* **Aim of the task**:
Exactly reproduce the lines of the listing below from the one containing "1 Pair Women's" through the one containing "Layered Longsleeve mit". Skip the images.

* **Data records**:
+++++

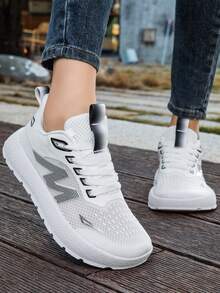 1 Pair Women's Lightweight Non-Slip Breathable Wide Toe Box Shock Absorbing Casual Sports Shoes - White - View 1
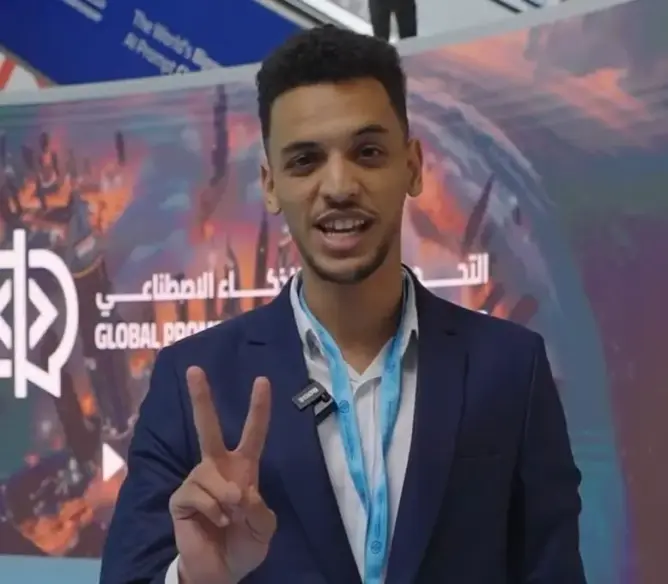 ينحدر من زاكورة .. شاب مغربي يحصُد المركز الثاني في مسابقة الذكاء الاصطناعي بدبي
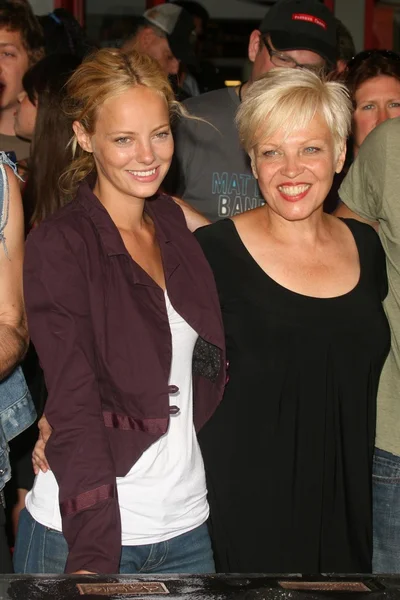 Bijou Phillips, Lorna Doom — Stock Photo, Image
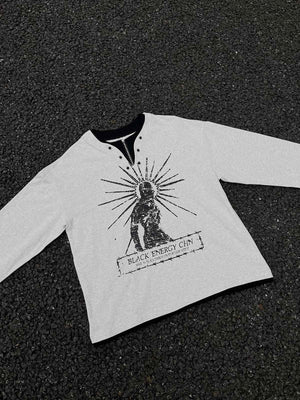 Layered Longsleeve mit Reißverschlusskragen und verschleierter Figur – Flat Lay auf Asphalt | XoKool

+++++

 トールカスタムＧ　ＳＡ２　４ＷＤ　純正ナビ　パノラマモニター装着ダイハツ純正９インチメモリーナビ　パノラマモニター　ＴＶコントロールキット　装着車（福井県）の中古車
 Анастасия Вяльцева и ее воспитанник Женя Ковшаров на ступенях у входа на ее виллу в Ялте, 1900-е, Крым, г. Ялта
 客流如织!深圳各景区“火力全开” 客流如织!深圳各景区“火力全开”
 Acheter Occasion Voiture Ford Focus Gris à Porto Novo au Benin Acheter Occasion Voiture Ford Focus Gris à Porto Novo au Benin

+++++

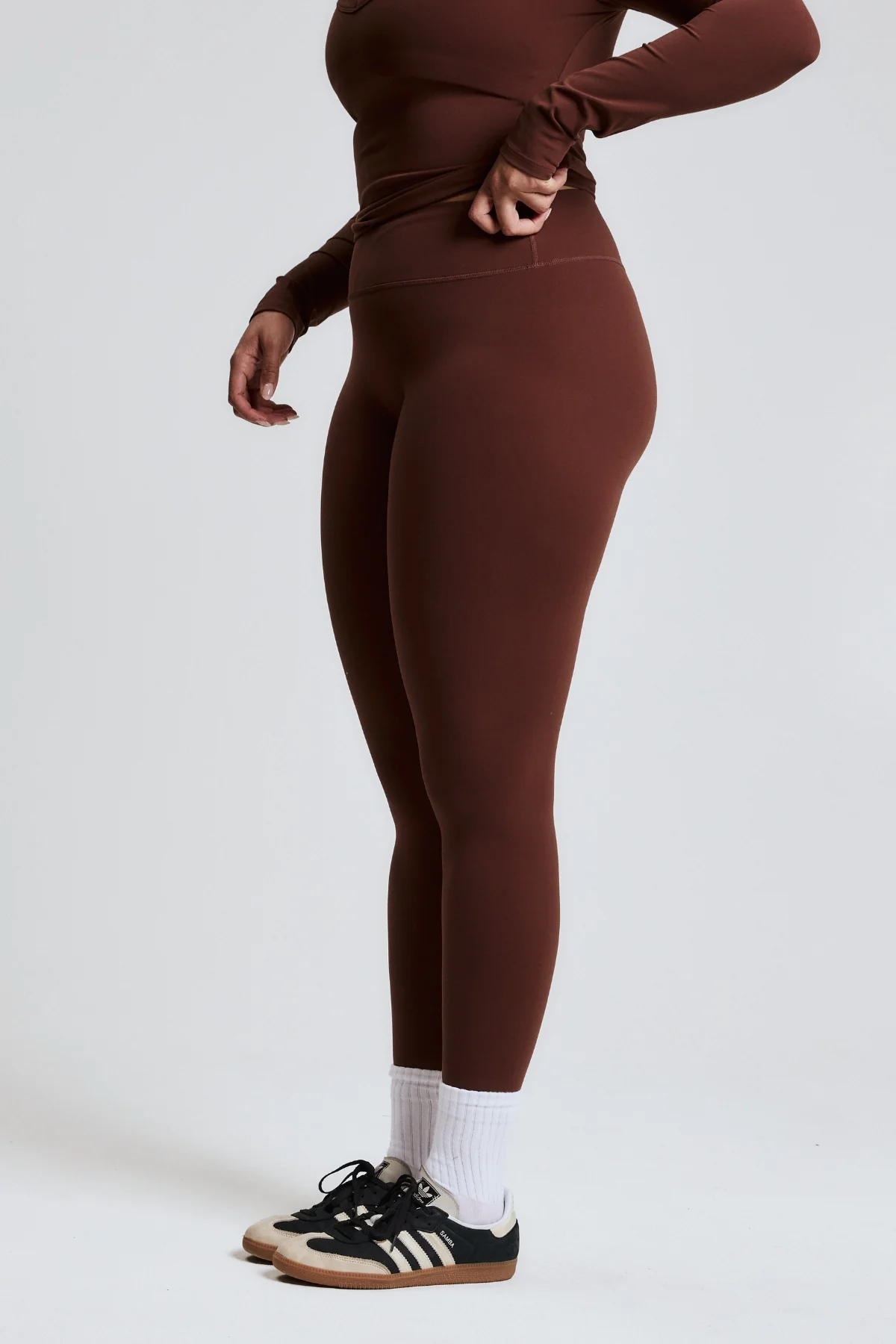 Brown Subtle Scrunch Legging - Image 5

+++++

* **Exercise answer**:
 1 Pair Women's Lightweight Non-Slip Breathable Wide Toe Box Shock Absorbing Casual Sports Shoes - White - View 1
 ينحدر من زاكورة .. شاب مغربي يحصُد المركز الثاني في مسابقة الذكاء الاصطناعي بدبي
 Bijou Phillips, Lorna Doom — Stock Photo, Image
 Layered Longsleeve mit Reißverschlusskragen und verschleierter Figur – Flat Lay auf Asphalt | XoKool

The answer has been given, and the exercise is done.